Jan Berry of Jan and Dean died Friday in Los Angeles, with a seizure finally claiming what Berry had barely held onto in a 1966 car wreck. The High Fidelity script covered the crash in the Laura's Dad tribute list:
BARRY: "Leader of the Pack." The guy fucking cracks up on a cycle and dies right? "Dead Man's Curve," Jan and Dean…
DICK: Did you know that after that song was recorded, Jan himself crashed his –
BARRY: — It was Dean, you fucking idiot.
ROB: It was Jan, and it was a long time after–
BARRY: Whatever. Okay. "Tell Laura I Love Her." That'd bring the house down. Laura's mom could sing it.
ROB: Fuck off, Barry.
Althought that crash was only two years later, the location was just a few blocks from the curve. But what the movie made me assume at the time, wrongly, was that Jan Berry had died. It wasn't until a while later that I learned he had lived, and it wasn't until yesterday that I learned he was still making music.
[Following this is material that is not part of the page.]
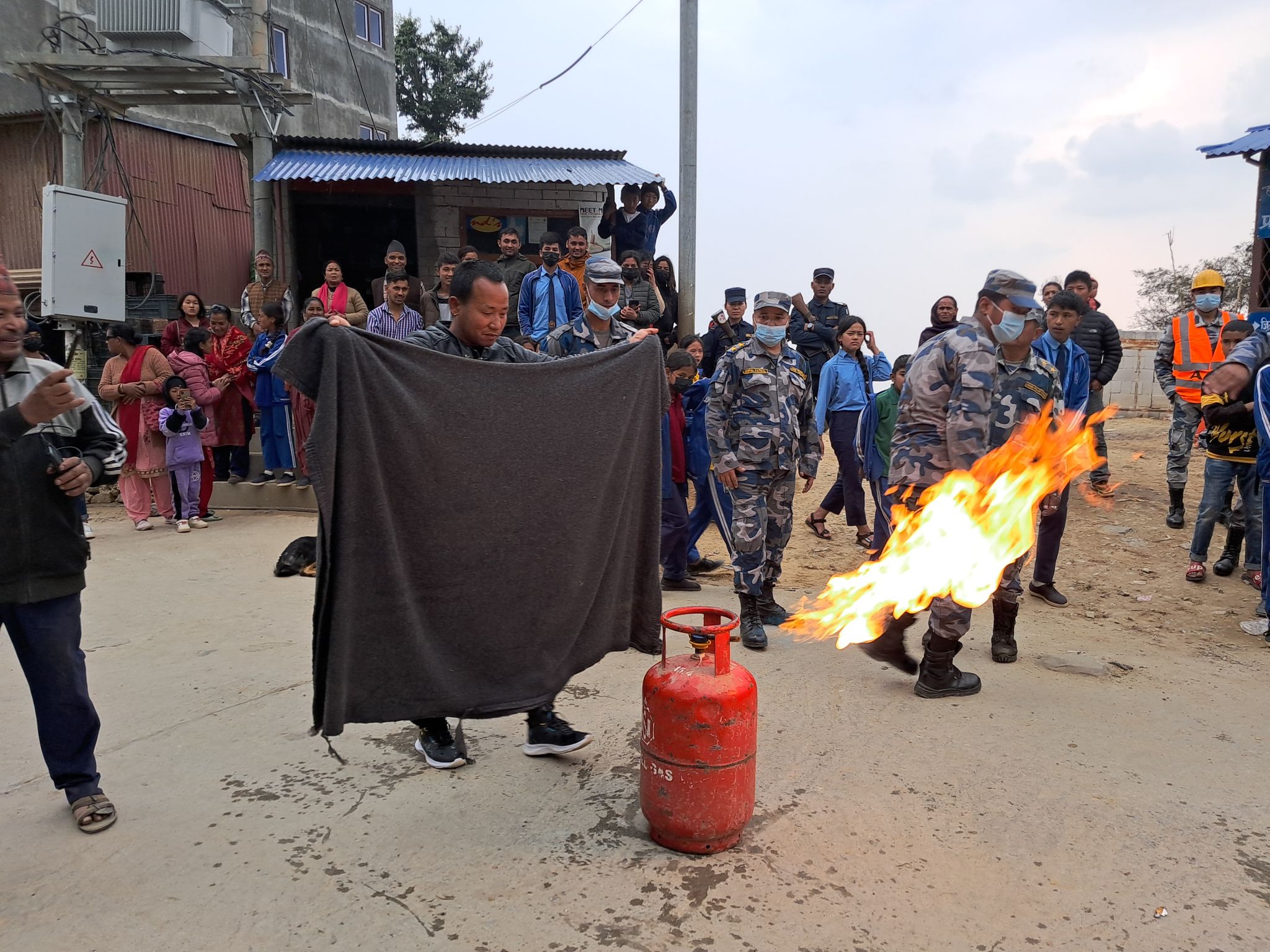 शसस्त्रद्धारा ग्याँस सिलिण्डरबाट लागेको आगो निभाउने अभ्यास प्रदर्शन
Nothing he wrote or sang afterward reached the surf rock heights of Dead Man's Curve, Little Old Lady (From Pasadena) or the woody ("you know it's not very cherry, it's an oldie but goodie") that got two girls for every narrator in Surf City.
But when Larry King asked him last year how he wanted to be remembered, Berry found a well of an answer — most of which stretched from the accident to the present. From his response, linked at the top of his Web site today:
The mysteries of cerebral circuitry are still confounding the best scientists and doctors. But my circumstances offer supporting evidence that the nervous system processes verbal symbols and musical symbols (and abilities) in different ways. I'm slow, but I can still read, write, and arrange music. Words are a different matter altogether. I can't tell you about it easily, but I can do music, if you give me the time.